SUPPLIED DATA:
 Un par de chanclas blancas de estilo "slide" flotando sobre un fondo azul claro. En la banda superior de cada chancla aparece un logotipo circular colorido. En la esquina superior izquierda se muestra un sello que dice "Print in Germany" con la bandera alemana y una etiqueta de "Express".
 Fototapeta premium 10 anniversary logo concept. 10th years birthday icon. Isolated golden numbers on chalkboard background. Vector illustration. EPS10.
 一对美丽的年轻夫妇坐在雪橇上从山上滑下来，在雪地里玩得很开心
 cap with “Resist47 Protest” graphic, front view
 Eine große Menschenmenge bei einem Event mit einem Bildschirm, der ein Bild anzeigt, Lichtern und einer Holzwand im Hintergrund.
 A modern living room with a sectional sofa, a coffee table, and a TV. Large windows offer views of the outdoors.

INSTRUCTIONS TO FOLLOW: Where does the word "with" appear in the records above? Return every line that holds it.

SOLUTION FOR THIS EXERCISE:
 cap with “Resist47 Protest” graphic, front view
 A modern living room with a sectional sofa, a coffee table, and a TV. Large windows offer views of the outdoors.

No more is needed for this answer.